Day 11 did wear me down. I failed at producing correct „incremented“ passwords to test the conditions on. I could not get it right quickly and finally made a long break for this puzzle. One day when i tried to get my Clojure-deprived brain in balance again, i started this puzzle from scratch using Gorilla REPL, which makes for a much nicer interactive development for those small puzzles.

I still struggled to get the non-overlapping duplets of characters right, and finally resorted to a less-than-elegant solution that returned the indices of all found duplets and counts them if they are least 2 apart, thus skipping over the overlapping pairs. I am not satisfied with this solution, but it worked. After some experimenting i also got the generation of the „next“ password right and could filter an iterated list of them starting with my puzzle input to get the first valid one.

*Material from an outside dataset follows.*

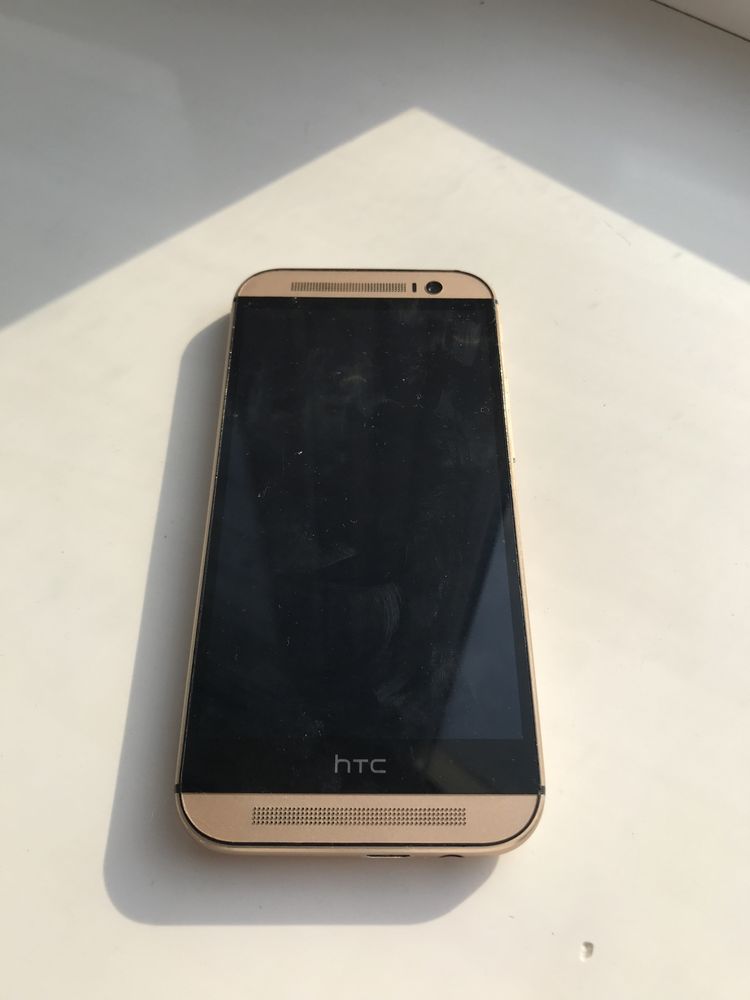 Продам телефон HTC One M8, 10.000тг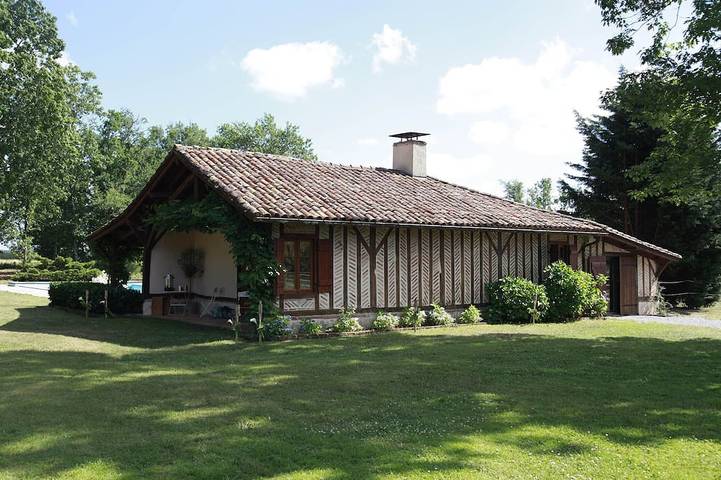 Holiday home for 6 people, with garden and terrace, with pets - 1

Seeing the result i realised it woult most likely have been quicker to solve that puzzle by hand on a piece of paper. But well, we are here to learn, aren’t we?

## day 12 - sum the ints

I used `clojure.data.json`

to parse the input data to a data structure and then recursively calculated the sums of the ints in the subordinate structures, flattening vectors and taking only the vals of maps along the way, branching on the type of the object i was looking at, using `integer?`

for atomic values, `map?`

for maps and `vector?`

for vectors. If none of the predicates matches, we return 0 to skip over strings. This could have been done in a multimethod that dispatches on the type of the argument, but for this simple case, i went for `cond`

.

Solving the second part of the puzzle was only a matter of having a predicate that checks for any value being „red“ in the map, and returning 0 instead of the sum of the values if it is found.

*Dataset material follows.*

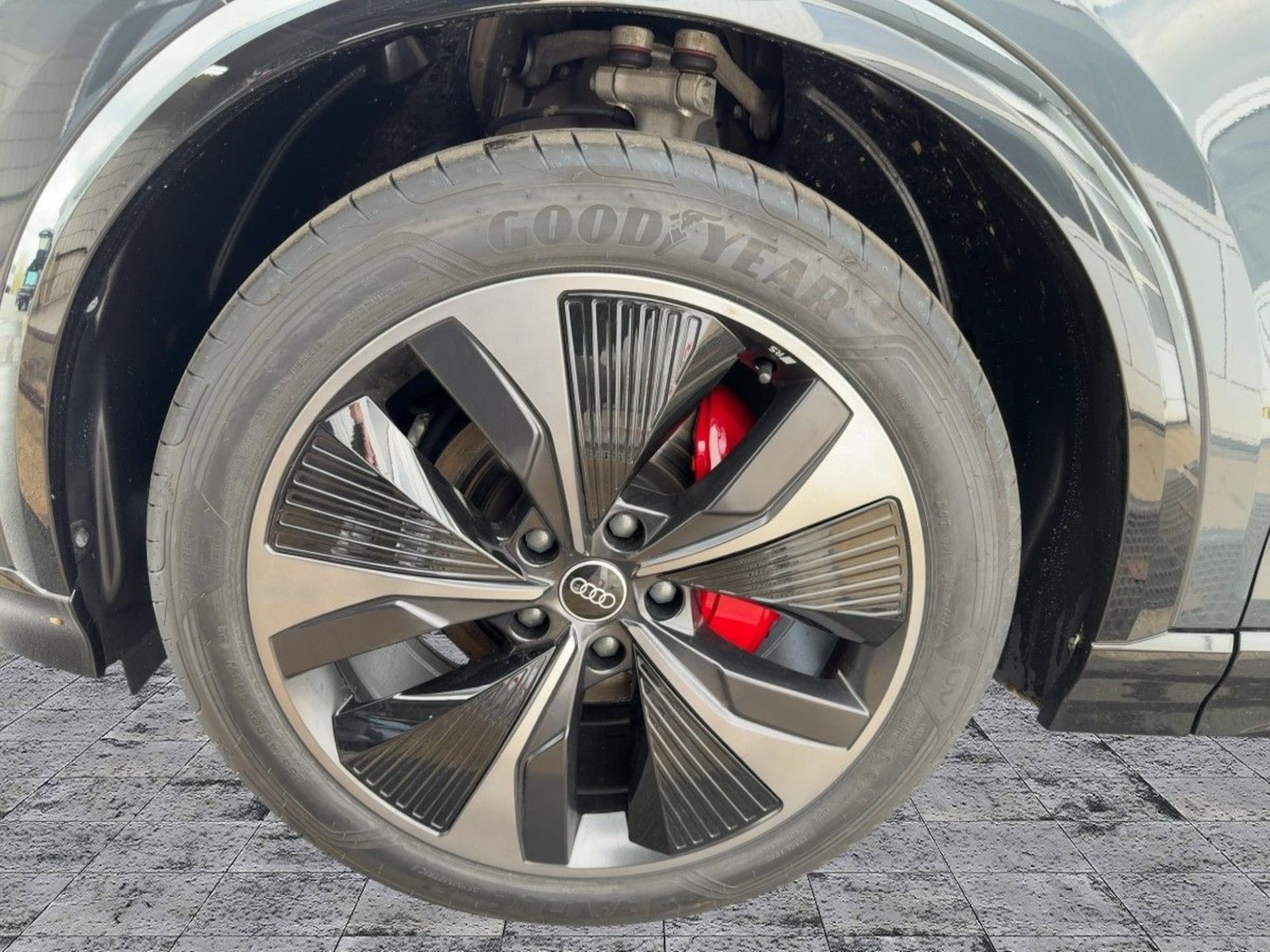 Audi Q6 SUV e-tron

I could have refactored and put the predicate as a parameter to the value-summing function, but i resorted to doing copy-and-paste for the sake of this puzzle, directly inserting the predicate.

## going on…

This was the first half of the Advent of Code 2015, but i will continue to solve all puzzles during the next days, and i hope there will be an Advent of Code 2016. I promise to not be that late to the party as i was this time. Thanks to Eric Wastl for creating this great page and being so creative on the puzzles.